Cruyff chose Barcelona in 1973 with the knowledge that he was joining a team that hadn’t won a league title in well over a decade. But that didn’t stop him; Cruyff led the way en route to the club’s first La Liga title in 13 years in his first season, winning his second and third Ballon d’Ors in 1973 and 1974. His dribbling mastery and finishing abilities were second to none.

Words can’t do Cruyff’s impact on the world’s game justice. While helming his former club from 1988 to 1996, he brought 11 cups to the Barcelona trophy cabinet, including four Liga titles, a European Cup, and a Copa del Rey. More importantly, he brought about style changes that continue to define Barça’s tiki-taka brilliance to this day.

“He got a blackboard and drew three defenders, four midfielders, two out-and-out wingers and a centre forward,” defensive midfield crack Eusébio recalled to FourFourTwo. “We looked at each other and said: ‘What the hell is this?!’ This was the era of 4-4-2 or 3-5-2. We couldn’t believe how many attackers were in the team, and how few defenders. He single-handedly introduced a new way of playing soccer in Spain.”

Thanks to Cruyff, the 3-4-3 was born. At its core: the predominance of possession that came to define Barcelona’s style for the likes of Pep Guardiola and others. “It’s a basic concept,” said Cruyff. “When you dominate the ball, you move well.”

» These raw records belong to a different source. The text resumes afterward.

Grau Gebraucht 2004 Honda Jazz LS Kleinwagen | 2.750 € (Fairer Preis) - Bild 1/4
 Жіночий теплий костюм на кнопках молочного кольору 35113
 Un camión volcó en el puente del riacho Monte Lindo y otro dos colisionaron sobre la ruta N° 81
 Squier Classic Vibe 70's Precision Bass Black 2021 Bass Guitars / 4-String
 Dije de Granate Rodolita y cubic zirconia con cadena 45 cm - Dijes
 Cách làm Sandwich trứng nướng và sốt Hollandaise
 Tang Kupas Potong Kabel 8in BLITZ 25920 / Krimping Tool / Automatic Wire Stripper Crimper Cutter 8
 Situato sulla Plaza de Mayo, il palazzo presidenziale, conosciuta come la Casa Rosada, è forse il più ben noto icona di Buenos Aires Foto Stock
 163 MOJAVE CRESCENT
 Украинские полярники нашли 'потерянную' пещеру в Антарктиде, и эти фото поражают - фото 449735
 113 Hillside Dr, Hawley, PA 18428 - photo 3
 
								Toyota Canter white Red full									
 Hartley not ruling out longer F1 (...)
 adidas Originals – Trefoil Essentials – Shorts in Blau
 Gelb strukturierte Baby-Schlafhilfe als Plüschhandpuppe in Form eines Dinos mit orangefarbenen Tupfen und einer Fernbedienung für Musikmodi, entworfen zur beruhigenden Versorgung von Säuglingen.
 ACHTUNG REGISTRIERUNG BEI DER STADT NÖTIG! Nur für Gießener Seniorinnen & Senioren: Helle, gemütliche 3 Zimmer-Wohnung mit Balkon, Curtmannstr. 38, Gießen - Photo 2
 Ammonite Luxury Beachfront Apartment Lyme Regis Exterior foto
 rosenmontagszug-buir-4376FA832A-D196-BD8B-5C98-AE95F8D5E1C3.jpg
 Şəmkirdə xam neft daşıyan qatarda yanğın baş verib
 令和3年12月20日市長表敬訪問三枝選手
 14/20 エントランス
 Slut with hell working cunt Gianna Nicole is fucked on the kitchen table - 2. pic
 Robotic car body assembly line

It would be remiss of us to forget Pep’s memorable quote on Cruyff’s impact at this time: “Johan Cruyff painted the chapel, and Barcelona coaches since merely restore or improve it.”

It was Cruyff who – in the aftermath of El franquismo – saw Barcelona fans’ inclination to cheer on the hometown boys from the cantera; “Barça fans like seeing players from the cantera in the first team,” he stated. “It makes them feel that the coach somehow is more a part of Barcelona. I tried to produce a game that they could claim as Catalan.”

And he did just that, changing the spirit of the club and showing staunch support for the creation of La Masia, a proposal accepted by then-club president Josep Núñez.

Many years later, in 2012, Cruyff moved to Mexico for a brief nine-month stint as an advisor for Chivas de Guadalajara. Appointed club sport consultant by owner Jorge Vergara, Cruyff’s three-year contract turned into early termination when the team failed to improve in a timely manner.

Rest in peace, Johan Cruyff. Your legacy will live on.